De kantonrechter moet dus de vraag beantwoorden of sprake is van ‘standaardwerkzaamheden’ (waarvoor volgens de wetgever nooit een hogere beloning kan worden toegekend) en, indien niet, of sprake is van uitzonderlijke omstandigheden die het toekennen van een beloning op andere wijze rechtvaardigen (dus in dit geval hoger dan de volgens de Regeling vastgestelde uren).
De kantonrechter overweegt met betrekking tot het onderhavige verzoek als volgt:
De kantonrechter constateert dat het bijwonen van een eindzitting WSNP niet is opgesomd als één van de standaardwerkzaamheden in de Regeling (wel het bijwonen van de instellingszitting), zodat dit geen reden is voor afwijzing van het verzoek. De vraag is dan echter of het plaatsvinden van een tweede eindzitting zodanig uitzonderlijk is dat aan de noodklep moet worden getrokken. Dat is naar het oordeel van de kantonrechter het geval. Het verzoek zal worden toegewezen.

Beslissing

De kantonrechter wijst het verzoek toe en kent vier extra uren toe conform artikel 3 lid 6 van de Regeling beloning curatoren, bewindvoerders en mentoren.
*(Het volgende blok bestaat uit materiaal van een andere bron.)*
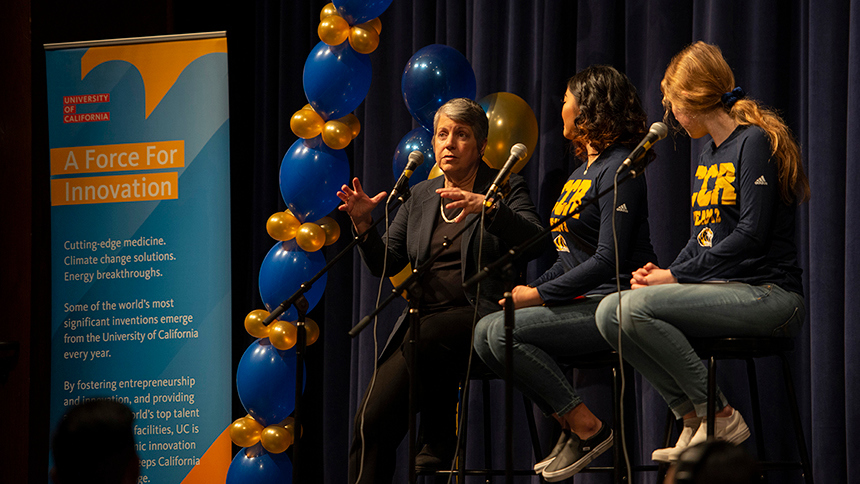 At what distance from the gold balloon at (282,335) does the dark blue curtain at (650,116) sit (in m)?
0.62

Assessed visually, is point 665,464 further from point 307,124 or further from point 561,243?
point 307,124

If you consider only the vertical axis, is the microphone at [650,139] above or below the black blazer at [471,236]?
above

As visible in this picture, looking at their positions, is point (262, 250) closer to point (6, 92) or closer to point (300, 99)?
point (300, 99)

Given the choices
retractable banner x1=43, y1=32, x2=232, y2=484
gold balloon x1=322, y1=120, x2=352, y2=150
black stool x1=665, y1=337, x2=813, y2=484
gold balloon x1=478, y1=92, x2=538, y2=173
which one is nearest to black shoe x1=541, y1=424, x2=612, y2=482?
black stool x1=665, y1=337, x2=813, y2=484

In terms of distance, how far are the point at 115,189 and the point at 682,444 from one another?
285cm

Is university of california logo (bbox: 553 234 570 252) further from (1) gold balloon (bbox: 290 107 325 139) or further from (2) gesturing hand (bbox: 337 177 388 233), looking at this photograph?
(1) gold balloon (bbox: 290 107 325 139)

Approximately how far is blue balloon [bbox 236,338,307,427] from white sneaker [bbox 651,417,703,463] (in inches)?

Deze beschikking is gegeven door mr. G.M. Drenth, kantonrechter, en in het openbaar uitgesproken op 28 maart 2025.
Tegen deze beschikking kan -uitsluitend door tussenkomst van een advocaat- hoger beroep worden ingesteld bij het Gerechtshof 's-Hertogenbosch:
a. door de verzoeker en degenen aan wie een afschrift van deze beschikking (digitaal) is verstrekt of verzonden binnen drie maanden na de dag van de uitspraak;
b. door andere belanghebbenden binnen drie maanden na betekening daarvan of nadat deze beschikking hun op andere wijze bekend is geworden.